Welcome to the first Globe Law and Business blog post
14 April 2014
We are very excited to be launching our new blog with the first post hot on the heels of the London Book Fair (LBF). Future posts will follow in each of our key subject areas, contributed by our authors and guest bloggers.
The idea behind the blog is to interact with you, our customers, authors and partners, and to create a forum for exchange and debate. We hope to provide something a little different from our standard fare with posts on topical subjects, coordinated by our blog editors for each key subject area, with the occasional post from us, as publishers, to give you a flavour of what is happening behind the scenes. Please do also let us know if there is anything in particular you would like to see covered or if you have ideas for new posts.
This was the second year that we have exhibited at LBF with the marvellous Independent Publishers Guild (IPG). What a joy to turn up at the stand to find our books and materials laid out (as opposed to rooting around basements for boxes). And so the fair began with a nicely busy schedule of meetings with our bookseller partners and agents and potential new contacts from around the world. The mood pre-fair was quite positive with The Bookseller reporting a slowdown in the erosion of print sales – we were curious to see whether this would be borne out by our contacts during the fair. In the event, our partners reflected a mixed mood, with some UK contacts still reporting tough times and others – for example, from China – more upbeat.

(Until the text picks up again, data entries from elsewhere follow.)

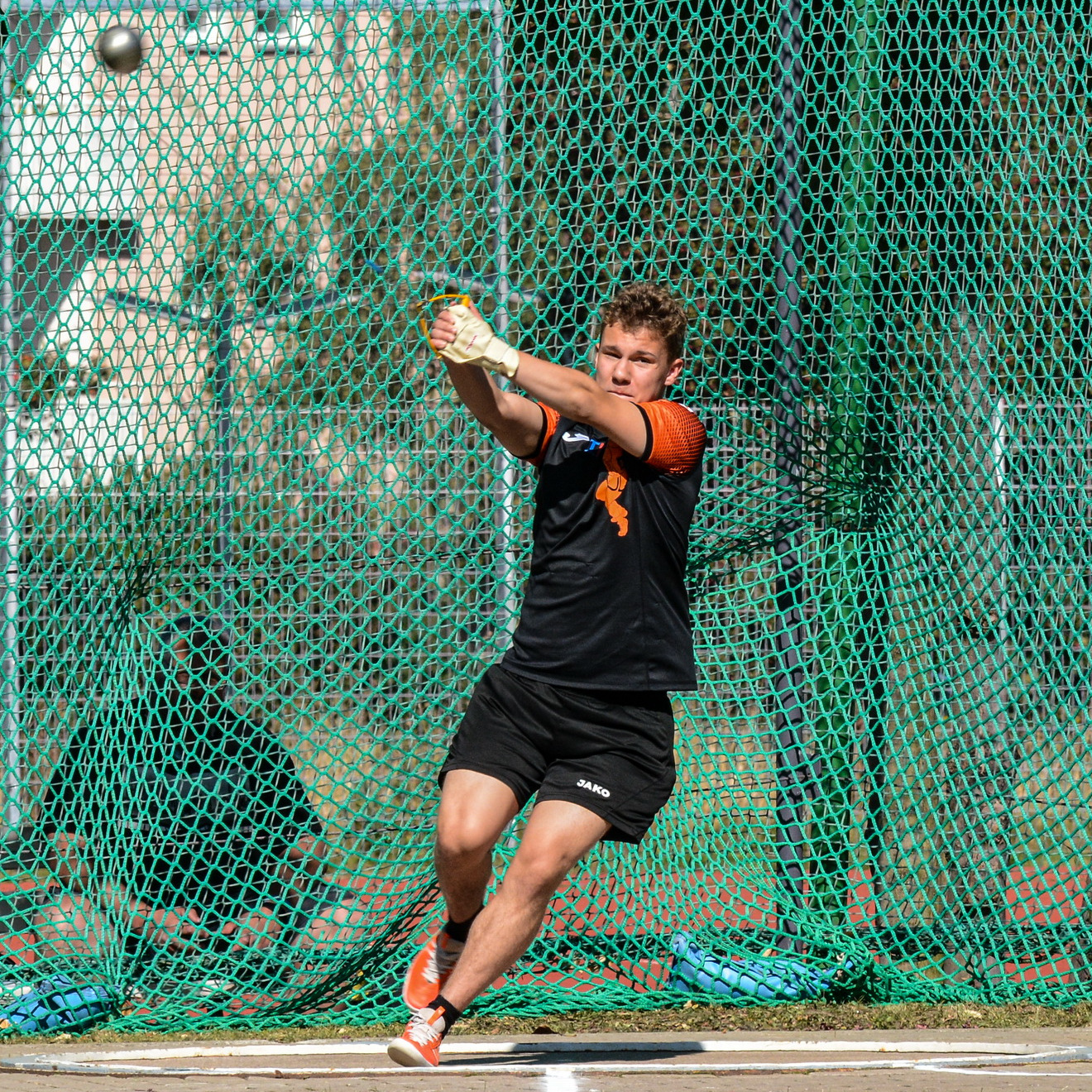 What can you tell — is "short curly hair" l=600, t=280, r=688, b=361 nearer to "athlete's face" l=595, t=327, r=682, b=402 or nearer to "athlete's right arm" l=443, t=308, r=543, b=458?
"athlete's face" l=595, t=327, r=682, b=402

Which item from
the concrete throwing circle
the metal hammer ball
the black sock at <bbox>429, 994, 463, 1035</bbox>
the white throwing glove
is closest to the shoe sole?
the black sock at <bbox>429, 994, 463, 1035</bbox>

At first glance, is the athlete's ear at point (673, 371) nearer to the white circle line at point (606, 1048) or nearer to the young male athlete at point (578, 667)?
the young male athlete at point (578, 667)

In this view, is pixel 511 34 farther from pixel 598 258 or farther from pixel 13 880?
pixel 13 880

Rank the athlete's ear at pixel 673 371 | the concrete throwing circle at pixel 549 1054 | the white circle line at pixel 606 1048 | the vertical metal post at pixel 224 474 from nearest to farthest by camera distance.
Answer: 1. the athlete's ear at pixel 673 371
2. the concrete throwing circle at pixel 549 1054
3. the white circle line at pixel 606 1048
4. the vertical metal post at pixel 224 474

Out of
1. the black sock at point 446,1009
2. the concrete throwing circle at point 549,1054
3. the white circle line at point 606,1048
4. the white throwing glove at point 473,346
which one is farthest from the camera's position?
the white circle line at point 606,1048

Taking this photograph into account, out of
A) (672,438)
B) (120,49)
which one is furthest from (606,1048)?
(120,49)

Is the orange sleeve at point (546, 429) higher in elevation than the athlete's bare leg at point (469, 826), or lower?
higher

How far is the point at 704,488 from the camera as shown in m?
5.31

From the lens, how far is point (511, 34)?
202 inches

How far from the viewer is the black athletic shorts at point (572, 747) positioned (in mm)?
3594

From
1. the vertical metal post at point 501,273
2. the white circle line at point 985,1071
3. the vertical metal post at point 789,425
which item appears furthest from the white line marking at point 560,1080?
the vertical metal post at point 501,273

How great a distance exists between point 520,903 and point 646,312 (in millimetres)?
1552

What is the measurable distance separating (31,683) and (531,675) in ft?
7.49

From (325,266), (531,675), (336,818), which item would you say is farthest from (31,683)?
(531,675) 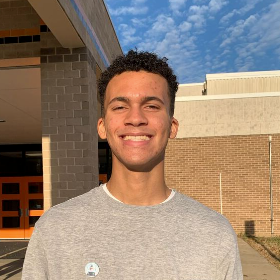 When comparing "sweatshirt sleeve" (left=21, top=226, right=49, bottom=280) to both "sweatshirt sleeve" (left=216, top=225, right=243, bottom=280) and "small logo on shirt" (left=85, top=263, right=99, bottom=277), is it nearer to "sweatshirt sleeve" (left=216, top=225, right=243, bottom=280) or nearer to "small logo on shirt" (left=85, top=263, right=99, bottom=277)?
"small logo on shirt" (left=85, top=263, right=99, bottom=277)

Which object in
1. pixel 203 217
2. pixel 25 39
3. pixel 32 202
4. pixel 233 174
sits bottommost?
pixel 32 202

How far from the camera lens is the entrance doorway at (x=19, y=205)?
48.9 feet

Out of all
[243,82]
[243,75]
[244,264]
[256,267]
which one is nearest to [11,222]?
[244,264]

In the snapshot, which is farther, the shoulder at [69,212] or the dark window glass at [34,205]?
the dark window glass at [34,205]

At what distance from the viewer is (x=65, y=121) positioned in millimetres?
5391

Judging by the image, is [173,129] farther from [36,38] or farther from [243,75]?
[243,75]

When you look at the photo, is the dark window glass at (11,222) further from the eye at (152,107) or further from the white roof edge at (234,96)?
the eye at (152,107)

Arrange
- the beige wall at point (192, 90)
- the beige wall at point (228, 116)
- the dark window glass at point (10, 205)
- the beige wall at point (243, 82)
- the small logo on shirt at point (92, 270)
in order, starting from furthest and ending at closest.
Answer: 1. the beige wall at point (192, 90)
2. the beige wall at point (243, 82)
3. the dark window glass at point (10, 205)
4. the beige wall at point (228, 116)
5. the small logo on shirt at point (92, 270)

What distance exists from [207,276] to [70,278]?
576 millimetres

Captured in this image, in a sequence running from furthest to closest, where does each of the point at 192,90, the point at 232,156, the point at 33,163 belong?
the point at 192,90 → the point at 33,163 → the point at 232,156

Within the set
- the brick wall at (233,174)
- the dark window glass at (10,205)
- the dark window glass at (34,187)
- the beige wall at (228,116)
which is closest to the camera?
the brick wall at (233,174)

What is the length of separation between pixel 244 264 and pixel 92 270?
29.7 ft

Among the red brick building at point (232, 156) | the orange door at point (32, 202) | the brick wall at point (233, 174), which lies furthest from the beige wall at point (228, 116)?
the orange door at point (32, 202)

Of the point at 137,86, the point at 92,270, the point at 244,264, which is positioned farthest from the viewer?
the point at 244,264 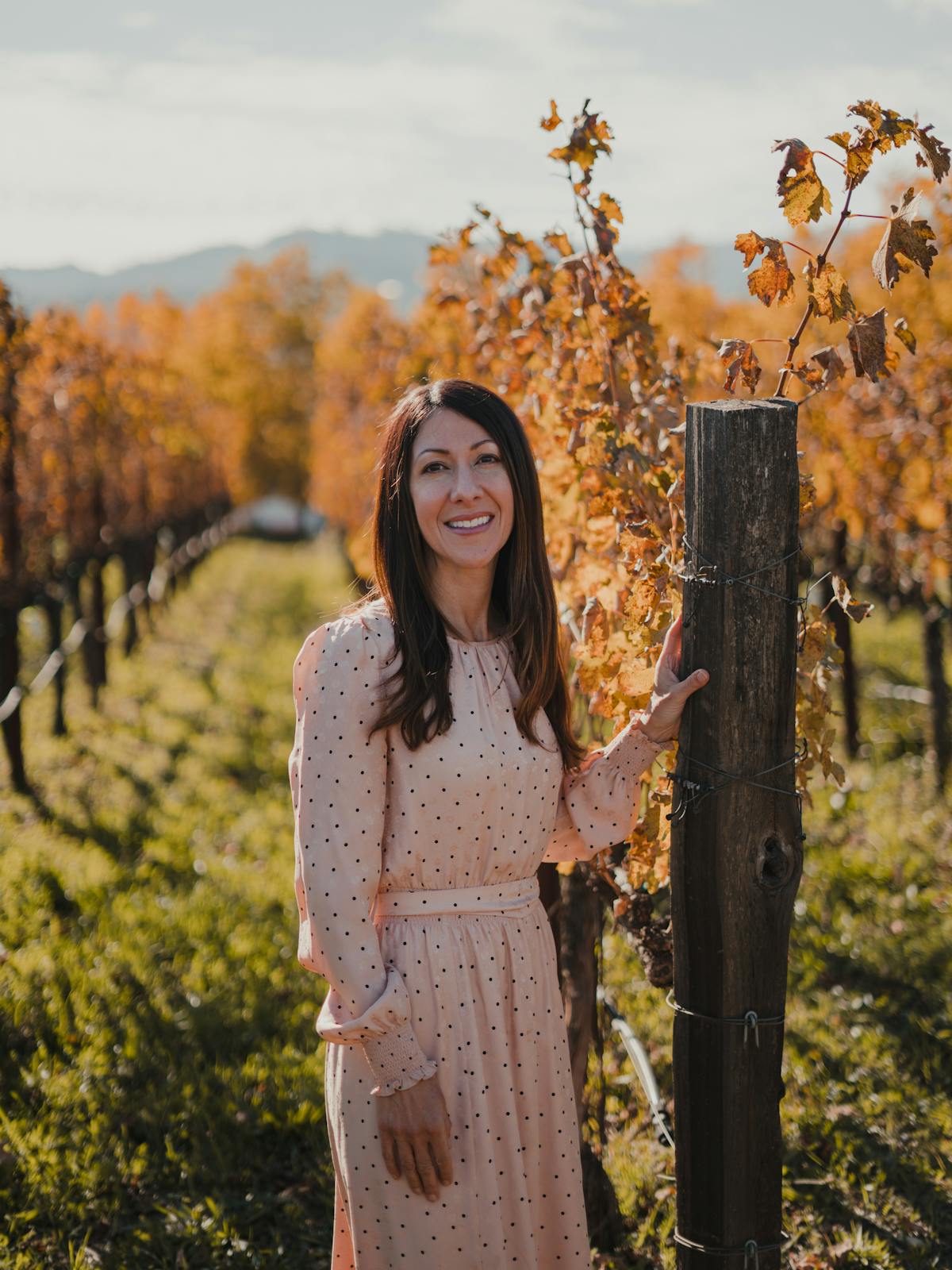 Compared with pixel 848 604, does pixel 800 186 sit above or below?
above

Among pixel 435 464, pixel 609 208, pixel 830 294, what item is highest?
pixel 609 208

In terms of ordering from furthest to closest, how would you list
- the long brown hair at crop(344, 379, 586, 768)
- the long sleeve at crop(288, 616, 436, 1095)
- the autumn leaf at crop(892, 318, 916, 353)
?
the autumn leaf at crop(892, 318, 916, 353) → the long brown hair at crop(344, 379, 586, 768) → the long sleeve at crop(288, 616, 436, 1095)

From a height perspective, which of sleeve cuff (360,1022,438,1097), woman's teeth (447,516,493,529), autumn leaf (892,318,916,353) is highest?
autumn leaf (892,318,916,353)

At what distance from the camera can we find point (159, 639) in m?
14.1

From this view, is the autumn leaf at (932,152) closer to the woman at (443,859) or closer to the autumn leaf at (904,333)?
the autumn leaf at (904,333)

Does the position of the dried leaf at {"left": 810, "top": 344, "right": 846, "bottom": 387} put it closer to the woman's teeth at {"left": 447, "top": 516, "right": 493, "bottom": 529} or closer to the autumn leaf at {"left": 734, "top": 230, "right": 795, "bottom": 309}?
the autumn leaf at {"left": 734, "top": 230, "right": 795, "bottom": 309}

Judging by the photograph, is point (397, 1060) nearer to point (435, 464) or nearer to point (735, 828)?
point (735, 828)

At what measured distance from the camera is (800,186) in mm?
2004

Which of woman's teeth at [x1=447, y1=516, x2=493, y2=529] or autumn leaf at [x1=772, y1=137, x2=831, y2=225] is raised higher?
autumn leaf at [x1=772, y1=137, x2=831, y2=225]

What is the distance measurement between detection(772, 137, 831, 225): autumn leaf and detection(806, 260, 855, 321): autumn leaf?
0.09 meters

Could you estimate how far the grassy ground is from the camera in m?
3.24

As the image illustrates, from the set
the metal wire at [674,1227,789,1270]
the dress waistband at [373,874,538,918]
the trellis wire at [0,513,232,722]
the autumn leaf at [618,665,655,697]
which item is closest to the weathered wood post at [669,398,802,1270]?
the metal wire at [674,1227,789,1270]

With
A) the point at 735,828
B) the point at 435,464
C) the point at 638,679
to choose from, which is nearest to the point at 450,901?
the point at 735,828

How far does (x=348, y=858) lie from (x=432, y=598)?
19.1 inches
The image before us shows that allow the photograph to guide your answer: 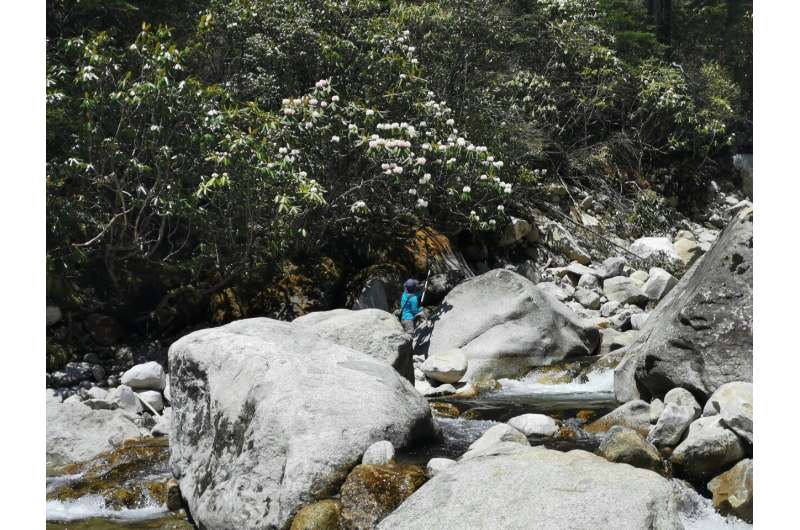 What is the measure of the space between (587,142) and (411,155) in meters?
8.50

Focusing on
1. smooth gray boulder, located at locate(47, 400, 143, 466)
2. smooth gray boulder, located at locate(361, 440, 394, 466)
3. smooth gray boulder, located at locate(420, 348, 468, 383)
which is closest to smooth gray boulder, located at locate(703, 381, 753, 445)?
smooth gray boulder, located at locate(361, 440, 394, 466)

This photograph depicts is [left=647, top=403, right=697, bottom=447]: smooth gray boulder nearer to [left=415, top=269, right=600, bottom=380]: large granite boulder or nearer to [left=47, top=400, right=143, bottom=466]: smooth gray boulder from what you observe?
[left=415, top=269, right=600, bottom=380]: large granite boulder

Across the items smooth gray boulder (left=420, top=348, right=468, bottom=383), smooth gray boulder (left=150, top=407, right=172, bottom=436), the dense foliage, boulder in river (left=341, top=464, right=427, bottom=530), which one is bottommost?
smooth gray boulder (left=150, top=407, right=172, bottom=436)

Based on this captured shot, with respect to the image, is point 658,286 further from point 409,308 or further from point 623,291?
point 409,308

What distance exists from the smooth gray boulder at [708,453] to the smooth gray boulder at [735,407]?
62 millimetres

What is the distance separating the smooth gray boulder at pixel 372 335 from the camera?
8055 millimetres

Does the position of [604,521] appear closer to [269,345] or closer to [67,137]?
[269,345]

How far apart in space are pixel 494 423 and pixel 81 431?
3675 mm

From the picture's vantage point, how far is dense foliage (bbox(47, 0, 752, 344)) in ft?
31.9

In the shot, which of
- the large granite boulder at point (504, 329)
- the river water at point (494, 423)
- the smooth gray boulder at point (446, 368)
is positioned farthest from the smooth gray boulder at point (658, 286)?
the smooth gray boulder at point (446, 368)

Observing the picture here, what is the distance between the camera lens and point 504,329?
10.2 metres

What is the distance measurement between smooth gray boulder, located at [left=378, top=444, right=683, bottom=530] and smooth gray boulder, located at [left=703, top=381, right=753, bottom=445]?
4.44ft

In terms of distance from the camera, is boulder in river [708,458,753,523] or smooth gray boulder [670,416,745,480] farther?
smooth gray boulder [670,416,745,480]

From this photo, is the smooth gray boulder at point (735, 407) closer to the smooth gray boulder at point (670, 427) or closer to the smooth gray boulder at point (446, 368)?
the smooth gray boulder at point (670, 427) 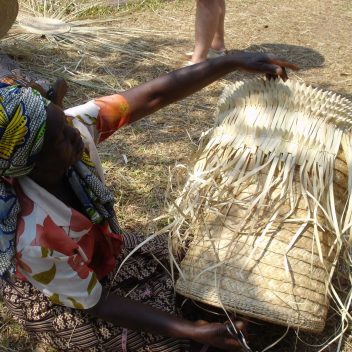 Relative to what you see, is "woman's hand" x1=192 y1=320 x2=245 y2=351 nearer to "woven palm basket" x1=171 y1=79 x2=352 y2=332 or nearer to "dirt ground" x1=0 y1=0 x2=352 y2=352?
"woven palm basket" x1=171 y1=79 x2=352 y2=332

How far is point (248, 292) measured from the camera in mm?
1599

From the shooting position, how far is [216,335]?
5.31 ft

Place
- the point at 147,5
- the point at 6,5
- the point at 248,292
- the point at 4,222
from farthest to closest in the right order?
the point at 147,5 < the point at 6,5 < the point at 248,292 < the point at 4,222

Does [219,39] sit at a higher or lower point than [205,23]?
lower

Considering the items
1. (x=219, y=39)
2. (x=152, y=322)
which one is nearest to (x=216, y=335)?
(x=152, y=322)

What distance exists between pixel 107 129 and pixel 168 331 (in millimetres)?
669

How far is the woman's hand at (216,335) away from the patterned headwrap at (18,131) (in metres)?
0.60

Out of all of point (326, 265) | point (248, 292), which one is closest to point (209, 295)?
point (248, 292)

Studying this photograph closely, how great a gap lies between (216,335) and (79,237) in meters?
0.47

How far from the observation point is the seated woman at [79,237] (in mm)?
1400

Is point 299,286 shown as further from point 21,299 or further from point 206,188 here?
point 21,299

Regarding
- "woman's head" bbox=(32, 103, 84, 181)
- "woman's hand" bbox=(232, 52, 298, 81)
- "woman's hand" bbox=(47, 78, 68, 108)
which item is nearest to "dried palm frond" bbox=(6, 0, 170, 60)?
"woman's hand" bbox=(232, 52, 298, 81)

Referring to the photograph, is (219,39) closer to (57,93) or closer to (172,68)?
(172,68)

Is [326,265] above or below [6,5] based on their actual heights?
below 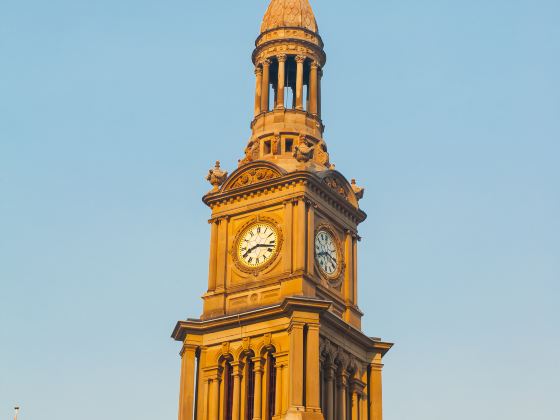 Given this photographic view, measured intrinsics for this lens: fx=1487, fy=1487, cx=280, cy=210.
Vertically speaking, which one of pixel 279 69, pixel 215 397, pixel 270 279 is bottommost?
pixel 215 397

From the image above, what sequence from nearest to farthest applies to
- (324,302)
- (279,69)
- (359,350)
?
(324,302) → (359,350) → (279,69)

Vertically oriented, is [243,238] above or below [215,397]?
above

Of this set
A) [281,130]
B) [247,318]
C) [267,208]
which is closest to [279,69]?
[281,130]

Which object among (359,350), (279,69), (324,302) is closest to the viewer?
(324,302)

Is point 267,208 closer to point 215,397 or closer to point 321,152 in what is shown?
point 321,152

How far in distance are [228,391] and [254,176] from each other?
10.9 meters

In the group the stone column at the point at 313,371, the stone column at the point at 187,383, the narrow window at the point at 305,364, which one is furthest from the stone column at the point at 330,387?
the stone column at the point at 187,383

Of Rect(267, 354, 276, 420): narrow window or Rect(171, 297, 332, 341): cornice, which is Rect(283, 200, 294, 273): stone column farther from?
Rect(267, 354, 276, 420): narrow window

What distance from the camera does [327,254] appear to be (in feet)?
237

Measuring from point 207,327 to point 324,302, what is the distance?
6.28 metres

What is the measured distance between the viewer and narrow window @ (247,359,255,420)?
6800 centimetres

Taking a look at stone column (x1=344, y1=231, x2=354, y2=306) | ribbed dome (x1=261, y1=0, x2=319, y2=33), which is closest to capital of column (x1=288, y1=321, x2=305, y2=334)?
stone column (x1=344, y1=231, x2=354, y2=306)

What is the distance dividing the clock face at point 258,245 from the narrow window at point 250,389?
5.21m

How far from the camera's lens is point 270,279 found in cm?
7056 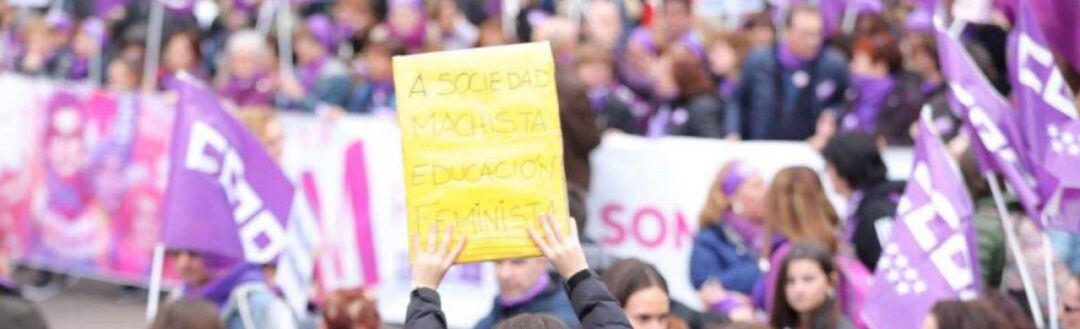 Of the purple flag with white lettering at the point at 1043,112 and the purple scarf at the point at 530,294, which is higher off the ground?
the purple flag with white lettering at the point at 1043,112

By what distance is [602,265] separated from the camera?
10.4 meters

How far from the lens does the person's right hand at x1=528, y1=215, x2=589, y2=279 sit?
6.60 metres

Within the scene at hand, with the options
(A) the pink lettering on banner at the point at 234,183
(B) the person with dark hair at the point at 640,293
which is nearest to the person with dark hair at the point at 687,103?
(A) the pink lettering on banner at the point at 234,183

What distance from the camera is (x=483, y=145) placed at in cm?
679

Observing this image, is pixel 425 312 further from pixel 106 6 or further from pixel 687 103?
pixel 106 6

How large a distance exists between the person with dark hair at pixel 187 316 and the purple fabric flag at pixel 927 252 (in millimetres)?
2363

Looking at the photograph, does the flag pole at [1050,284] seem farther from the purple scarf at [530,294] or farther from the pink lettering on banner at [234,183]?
the pink lettering on banner at [234,183]

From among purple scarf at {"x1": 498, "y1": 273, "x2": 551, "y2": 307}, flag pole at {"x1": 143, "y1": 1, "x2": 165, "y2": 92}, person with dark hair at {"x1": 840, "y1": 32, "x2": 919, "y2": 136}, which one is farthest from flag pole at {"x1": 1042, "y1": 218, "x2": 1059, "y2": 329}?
flag pole at {"x1": 143, "y1": 1, "x2": 165, "y2": 92}

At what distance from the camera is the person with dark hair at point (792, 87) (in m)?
13.7

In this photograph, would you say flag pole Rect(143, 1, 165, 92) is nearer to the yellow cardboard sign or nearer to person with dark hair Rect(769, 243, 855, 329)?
person with dark hair Rect(769, 243, 855, 329)

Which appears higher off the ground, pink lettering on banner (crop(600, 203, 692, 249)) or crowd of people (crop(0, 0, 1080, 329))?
crowd of people (crop(0, 0, 1080, 329))

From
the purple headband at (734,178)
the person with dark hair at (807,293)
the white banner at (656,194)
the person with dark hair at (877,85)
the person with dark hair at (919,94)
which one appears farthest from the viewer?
the person with dark hair at (877,85)

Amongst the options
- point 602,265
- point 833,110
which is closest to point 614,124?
point 833,110

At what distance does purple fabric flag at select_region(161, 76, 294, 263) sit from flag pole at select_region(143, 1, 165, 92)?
21.6 ft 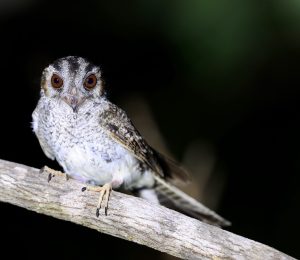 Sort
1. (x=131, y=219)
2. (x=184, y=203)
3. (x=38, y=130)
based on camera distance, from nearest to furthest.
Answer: (x=131, y=219) → (x=38, y=130) → (x=184, y=203)

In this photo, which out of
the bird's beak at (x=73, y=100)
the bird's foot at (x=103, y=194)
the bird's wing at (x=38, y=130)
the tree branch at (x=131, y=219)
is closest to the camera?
the tree branch at (x=131, y=219)

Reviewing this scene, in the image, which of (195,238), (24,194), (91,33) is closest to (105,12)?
(91,33)

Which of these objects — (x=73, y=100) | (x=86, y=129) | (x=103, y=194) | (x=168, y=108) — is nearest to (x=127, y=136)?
(x=86, y=129)

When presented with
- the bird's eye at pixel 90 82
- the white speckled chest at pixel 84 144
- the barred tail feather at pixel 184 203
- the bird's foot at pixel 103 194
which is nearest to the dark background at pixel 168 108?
the barred tail feather at pixel 184 203

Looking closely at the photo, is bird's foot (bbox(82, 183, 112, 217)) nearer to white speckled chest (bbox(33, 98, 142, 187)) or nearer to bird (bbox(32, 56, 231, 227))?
bird (bbox(32, 56, 231, 227))

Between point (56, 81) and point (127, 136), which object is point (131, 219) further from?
point (56, 81)

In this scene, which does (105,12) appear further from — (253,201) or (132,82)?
(253,201)

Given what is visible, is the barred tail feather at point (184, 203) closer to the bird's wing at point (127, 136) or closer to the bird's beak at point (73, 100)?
the bird's wing at point (127, 136)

In between meetings, we attended a fascinating seminar on the future of small and academic publishers featuring a panel with Timothy Wright from Edinburgh University Press, Anthony Cond from Liverpool University Press and Oliver Gadsby from the newly formed Rowman and Littlefield International. Standing room only, the panel offered many interesting insights, with Wright kicking off with the positive view that the future is bright for smaller academic publishers. Gadsby highlighted the importance of commissioning editors, deciding on your niches and building a distinctive presence when setting up a new firm/imprint. The panel predicted the monograph will endure with print sales still dominant, although the importance of technical skills and metadata should not be underestimated. Cond also highlighted a point we would support at Globe Law and Business: how smaller publishers can offer a boutique service to authors and a continuity of staff that is often absent from the bigger players.
By the third day of the fair, our schedule had eased, freeing up time for visitors to drop by the stand and for us to catch up with IPG friends (and to collect a healthy stock of free canvass bags!). A pleasure as always to attend, we are looking forward to following up on ideas discussed and to keeping in touch with friends old and new.